In compliance with the MCA Circulars, the Company is sending the Notice only in electronic form. In compliance with Regulation 44 of the Listing Regulations and pursuant to the provisions of Sections 108 and 110 of the Act read with the Rules framed thereunder and the MCA Circulars, the Company is providing the remote e-voting facility to its Members, to enable them to cast their votes electronically instead of submitting the postal ballot form. The instructions for remote e-voting are appended to the Notice. The Members can vote on Resolutions only through remote e-voting facility. Assent or dissent of the Members on the Resolutions mentioned in the Notice would be taken only through the remote e-voting.
The Company has availed the services of M/s. KFin Technologies Limited (formerly KFin Technologies Private Limited), who is also the Registrar & Share Transfer Agent of the Company, for providing remote e-voting facility for exercising postal ballot.

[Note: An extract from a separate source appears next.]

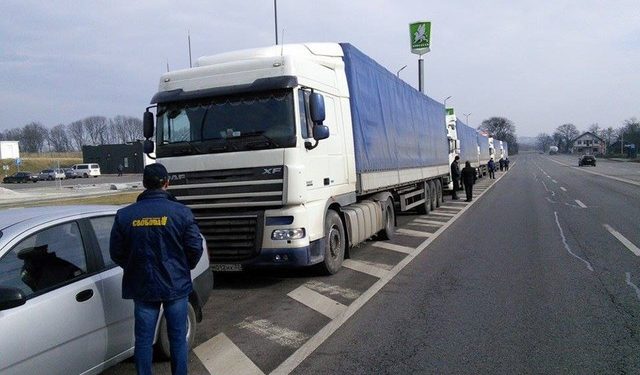 В Сумской области активисты блокируют движение российских фур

The Board of Directors of the Company has appointed Ms. Geeta Roy Chowdhury, Practicing Company Secretary (Membership No. F7040) as the Scrutinizer, who consented to act as such, to conduct the process of the postal ballot by electronic means, in a fair and transparent manner.
The remote e-voting period commence at 9:00 a.m. on Tuesday, 30th May, 2023 and ends at 5:00 p.m. on Wednesday, 28th June, 2023.

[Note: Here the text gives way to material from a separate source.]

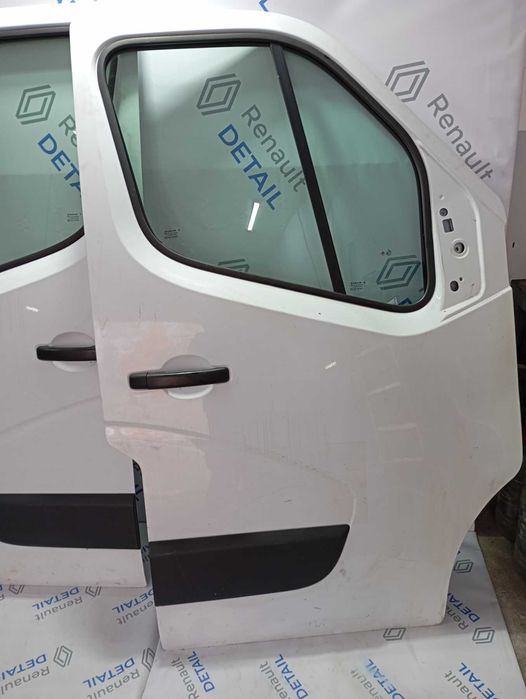 Двері передні Renault Master Рено Мастер 19-22р.в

The Resolutions, if passed by the requisite majority, shall be deemed to have been passed on the last date specified for remote e-voting, i.e., Wednesday, 28th June, 2023.
You are requested to peruse the proposed Resolutions along with the explanatory statement and thereafter record your assent or dissent by means of remote e-voting facility, as provided by the Company.
SPECIAL BUSINESS:
Item No. 1: Approval to transfer, assign, restructure or convey the whole or substantially the whole of Rail EPC business comprising of Kalindee Rail and Bright Power units by way of slump sale.
To consider and if thought fit, to pass the following resolution as a SPECIAL RESOLUTION:
"RESOLVED that pursuant to the provisions of the Companies Act, 2013 and the rules framed thereunder, the Securities and Exchange Board of India (Listing Obligations and Disclosure Requirements) Regulations, 2015, (including any statutory modification(s) or re-enactment(s) thereof for the time being in force), the Memorandum and Articles of Association of the Company, and subject to such other permissions, consents and approvals, if any, required from any third party including without limitation from relevant government authorities and the Company's lenders, and in each case, subject to such conditions as may be prescribed by them, and any other conditions which may be necessary or desirable in the opinion of the Board of Directors of the Company (hereinafter referred to as the 'Board', which expression shall include any Committee of the Board), approval of the Members of the Company be and is hereby accorded to the Board to transfer, assign, restructure or convey the whole or substantially the whole of Rail EPC Business comprising of Kalindee Rail and Bright Power units, i.e., two business undertakings of the Company (along with its employees, customers, suppliers and other partner relationships, including verbal agreements and formal contracts, causes of actions and any or all tangible and intangible assets, properties, liabilities, licenses, permits, consents, approvals) by way of slump sale as defined under Section 2(42C) of the Income-tax Act, 1961 as a 'going concern', to two separate wholly owned subsidiaries of the Company (namely, Texmaco Rail Electrification Limited and Belgharia Engineering Udyog Private Limited), in such manner, subject to such terms and conditions and for a lumpsum consideration to be decided by the Board, in its sole discretion."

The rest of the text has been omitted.